Working from the listing below, pick each line containing the word "Black" and copy it.
-------- Provided information
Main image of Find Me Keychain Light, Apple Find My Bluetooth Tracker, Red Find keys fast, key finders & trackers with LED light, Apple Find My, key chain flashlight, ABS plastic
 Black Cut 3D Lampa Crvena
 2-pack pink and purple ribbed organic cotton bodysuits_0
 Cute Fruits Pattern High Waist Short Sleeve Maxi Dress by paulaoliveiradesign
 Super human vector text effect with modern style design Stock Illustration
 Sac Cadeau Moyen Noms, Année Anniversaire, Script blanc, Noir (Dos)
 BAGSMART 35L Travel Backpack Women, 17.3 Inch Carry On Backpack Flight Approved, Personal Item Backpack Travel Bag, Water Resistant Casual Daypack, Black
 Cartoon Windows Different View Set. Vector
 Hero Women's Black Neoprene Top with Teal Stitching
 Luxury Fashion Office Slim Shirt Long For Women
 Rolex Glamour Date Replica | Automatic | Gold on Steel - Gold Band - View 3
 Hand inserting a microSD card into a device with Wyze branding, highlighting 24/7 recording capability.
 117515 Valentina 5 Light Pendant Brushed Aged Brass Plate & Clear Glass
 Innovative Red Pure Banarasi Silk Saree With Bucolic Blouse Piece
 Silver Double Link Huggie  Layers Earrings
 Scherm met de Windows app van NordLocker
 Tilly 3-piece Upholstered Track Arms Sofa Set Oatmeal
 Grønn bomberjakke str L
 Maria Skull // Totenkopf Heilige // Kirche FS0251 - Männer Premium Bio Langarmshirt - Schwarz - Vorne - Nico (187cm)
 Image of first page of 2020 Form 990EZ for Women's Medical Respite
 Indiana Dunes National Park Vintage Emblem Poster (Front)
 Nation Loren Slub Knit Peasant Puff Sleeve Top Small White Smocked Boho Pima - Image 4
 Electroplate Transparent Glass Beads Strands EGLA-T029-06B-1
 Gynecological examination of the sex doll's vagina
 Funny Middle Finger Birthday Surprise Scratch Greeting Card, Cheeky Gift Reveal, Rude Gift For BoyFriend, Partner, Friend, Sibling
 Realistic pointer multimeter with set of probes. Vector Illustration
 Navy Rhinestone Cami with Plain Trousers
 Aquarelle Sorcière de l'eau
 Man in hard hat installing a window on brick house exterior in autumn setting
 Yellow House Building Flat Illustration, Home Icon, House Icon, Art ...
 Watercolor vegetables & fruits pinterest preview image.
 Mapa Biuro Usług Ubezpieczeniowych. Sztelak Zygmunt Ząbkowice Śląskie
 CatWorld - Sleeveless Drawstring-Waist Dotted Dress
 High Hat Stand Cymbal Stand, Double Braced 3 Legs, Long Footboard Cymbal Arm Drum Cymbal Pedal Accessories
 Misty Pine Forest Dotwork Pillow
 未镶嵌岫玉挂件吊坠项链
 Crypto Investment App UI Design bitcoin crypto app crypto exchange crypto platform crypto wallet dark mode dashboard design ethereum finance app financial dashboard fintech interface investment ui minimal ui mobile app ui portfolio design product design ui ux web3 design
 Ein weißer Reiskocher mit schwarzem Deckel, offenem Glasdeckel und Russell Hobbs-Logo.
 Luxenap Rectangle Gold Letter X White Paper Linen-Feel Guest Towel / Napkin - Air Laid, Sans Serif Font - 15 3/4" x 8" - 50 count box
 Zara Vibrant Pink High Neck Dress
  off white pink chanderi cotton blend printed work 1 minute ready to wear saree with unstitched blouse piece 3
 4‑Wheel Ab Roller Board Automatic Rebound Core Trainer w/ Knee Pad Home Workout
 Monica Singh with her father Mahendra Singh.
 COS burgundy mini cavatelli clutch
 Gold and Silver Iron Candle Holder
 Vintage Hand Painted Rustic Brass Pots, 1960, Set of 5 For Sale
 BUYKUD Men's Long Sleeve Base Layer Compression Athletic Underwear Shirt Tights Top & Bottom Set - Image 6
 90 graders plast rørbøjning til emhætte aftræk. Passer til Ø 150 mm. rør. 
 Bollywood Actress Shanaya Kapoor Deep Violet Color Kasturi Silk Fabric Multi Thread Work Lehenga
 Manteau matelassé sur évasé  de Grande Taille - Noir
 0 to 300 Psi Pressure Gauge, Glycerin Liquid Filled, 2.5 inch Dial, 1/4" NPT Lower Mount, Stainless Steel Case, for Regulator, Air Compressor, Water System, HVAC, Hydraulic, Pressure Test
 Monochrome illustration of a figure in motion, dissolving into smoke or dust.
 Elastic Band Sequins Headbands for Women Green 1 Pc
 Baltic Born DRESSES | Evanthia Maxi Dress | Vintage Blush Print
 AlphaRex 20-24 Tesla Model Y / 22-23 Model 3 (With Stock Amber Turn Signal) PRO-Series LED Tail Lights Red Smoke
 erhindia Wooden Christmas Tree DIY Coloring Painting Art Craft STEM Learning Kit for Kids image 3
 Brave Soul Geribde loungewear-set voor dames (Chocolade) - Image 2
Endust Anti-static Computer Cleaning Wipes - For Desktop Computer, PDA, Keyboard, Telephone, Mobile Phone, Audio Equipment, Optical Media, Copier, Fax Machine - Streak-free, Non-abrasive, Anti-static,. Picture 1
----------------
Your response:
 Black Cut 3D Lampa Crvena
 BAGSMART 35L Travel Backpack Women, 17.3 Inch Carry On Backpack Flight Approved, Personal Item Backpack Travel Bag, Water Resistant Casual Daypack, Black
 Hero Women's Black Neoprene Top with Teal Stitching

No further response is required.